(WORK TASK)
Look through the data below and output, unchanged, every line from the one holding "δεν θα πάρει" through the one holding "Smart Jacket #55", inclusive. Skip the pictures.

(DATA UNDER STUDY)
_____
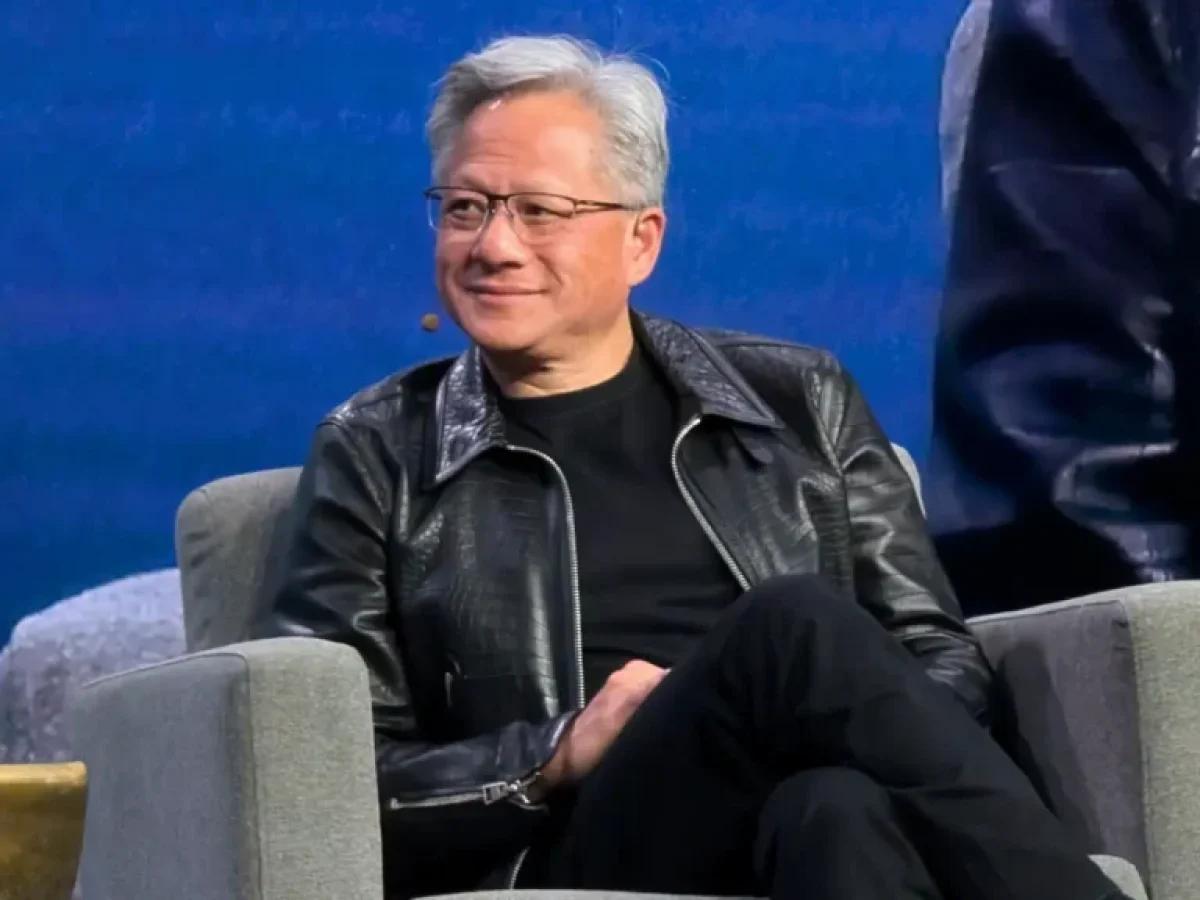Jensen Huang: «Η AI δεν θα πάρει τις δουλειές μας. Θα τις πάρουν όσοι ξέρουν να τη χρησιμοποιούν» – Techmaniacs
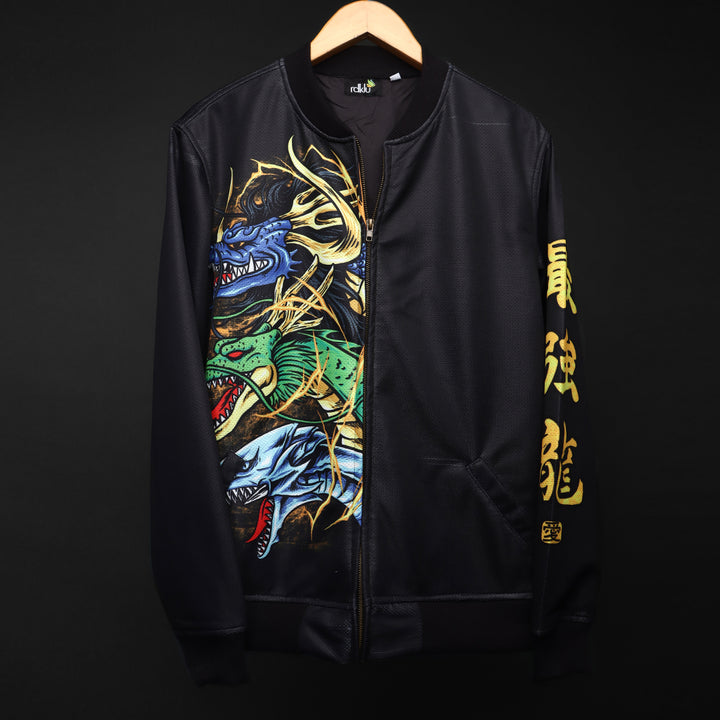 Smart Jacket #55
_____
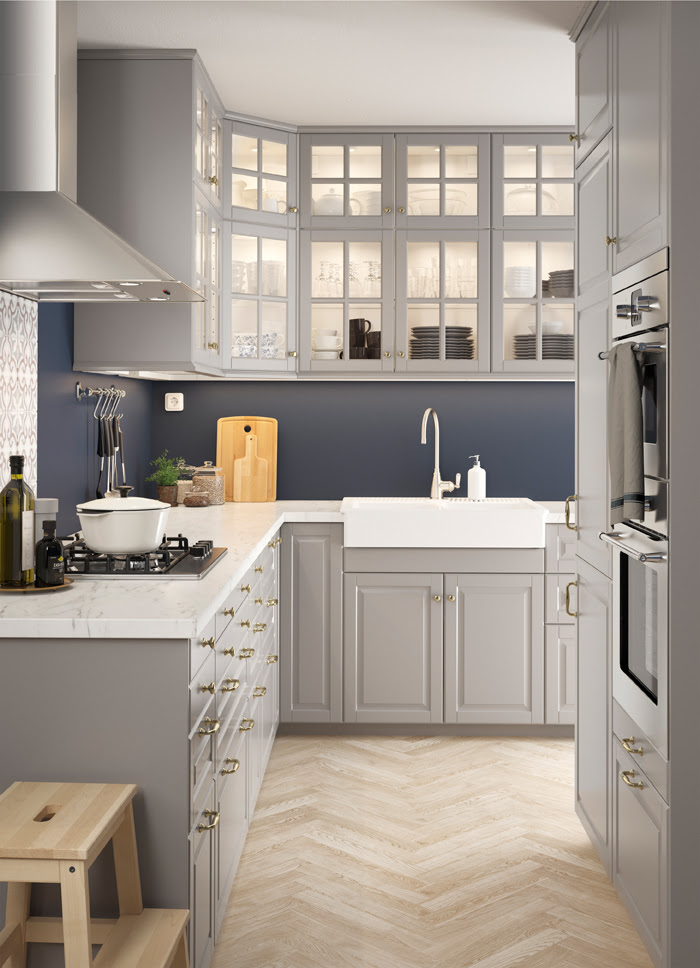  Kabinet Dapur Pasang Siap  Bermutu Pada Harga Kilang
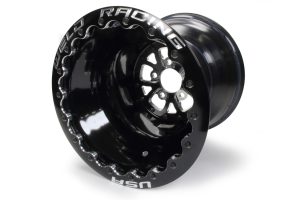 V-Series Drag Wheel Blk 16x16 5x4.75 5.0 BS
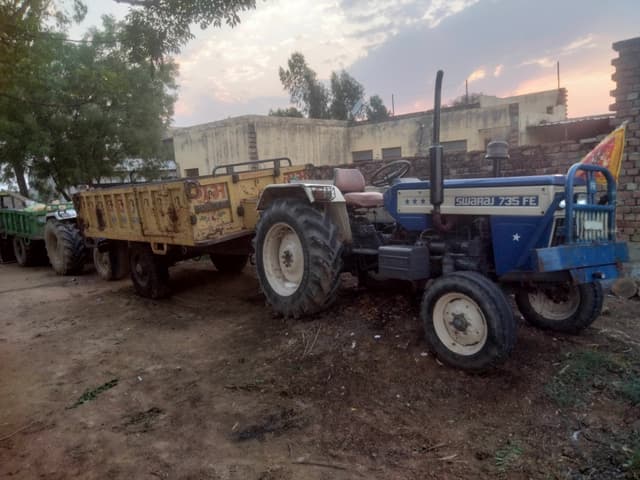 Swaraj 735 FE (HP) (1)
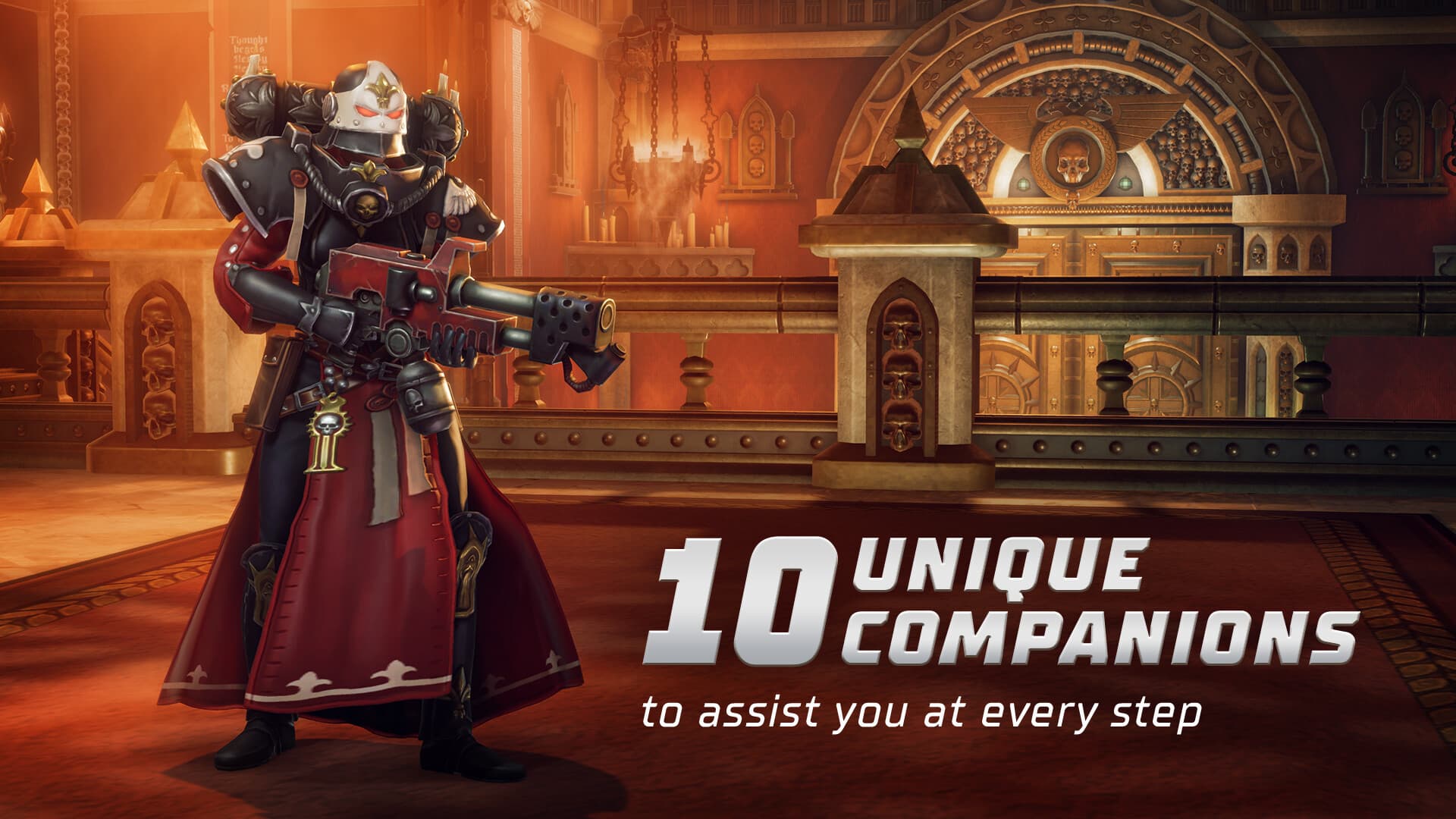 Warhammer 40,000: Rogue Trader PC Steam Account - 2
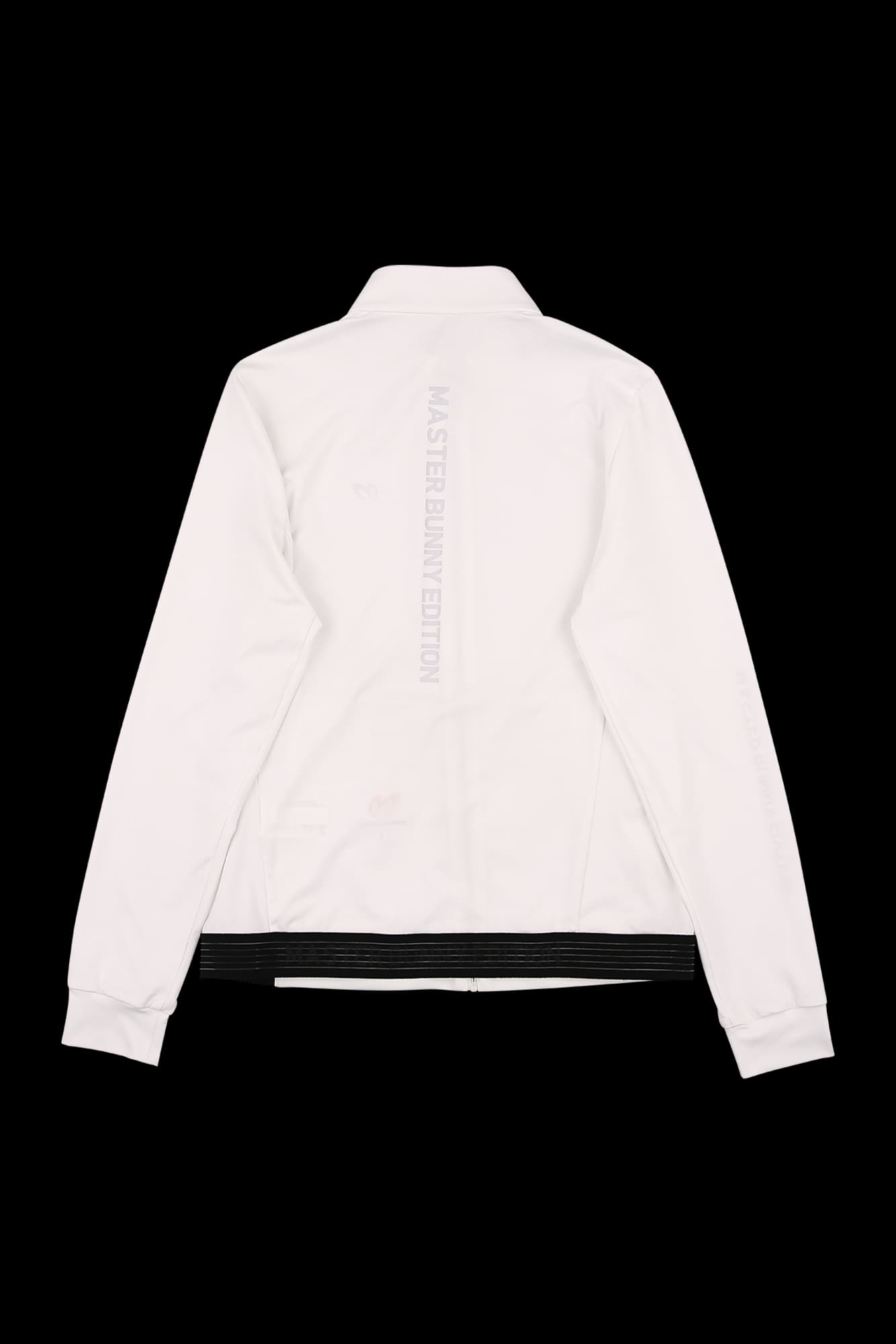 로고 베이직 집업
_____
(EXERCISE OUTPUT)
Jensen Huang: «Η AI δεν θα πάρει τις δουλειές μας. Θα τις πάρουν όσοι ξέρουν να τη χρησιμοποιούν» – Techmaniacs
 Smart Jacket #55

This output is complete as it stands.